Globalement, les réserves foncières semblent surabondantes mais un coup d'oeil, plus fin conduit à relever la grande disparité des disponibilités selon les régions.
2. Des potentiels régionaux très inégaux
De fait, les marges disponibles apparaissent très variables selon les zones et, à l'intérieur de chacune d'elles, selon les régions et les pays, ainsi que le rapporte avec précision M. Michel Griffon, dans son ouvrage « Nourrir la planète ».
Pour ce qui est des zones, la mobilisation effective du potentiel n'atteint que 12 % en Amérique du Sud, 20 % en Afrique subsaharienne et autour de la moitié en Amérique du Nord, Russie et Europe.
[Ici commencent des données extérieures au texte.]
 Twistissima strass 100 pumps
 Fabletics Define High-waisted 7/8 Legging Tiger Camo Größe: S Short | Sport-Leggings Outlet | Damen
Par contraste, certaines zones (AN-MO, Asie) offrent peu de marges.
Ces données peuvent être visualisées dans l'illustration ci-dessous.
Couverture de l'espace par l'agriculture et surfaces disponibles
Pour les régions et les pays, de grandes disponibilités en terres cultivables non cultivées existent au Brésil (environ 450 millions d'hectares) aux États-Unis (200 millions d'hectares) au Zaïre (plus de 100 millions d'hectares) en Australie, au Soudan et en Angola.
Incidemment, il faut relever que la situation de ces deux derniers pays qui sont au nombre de ceux où la sous-alimentation est tout particulièrement sévère n'en apparaît que plus choquante.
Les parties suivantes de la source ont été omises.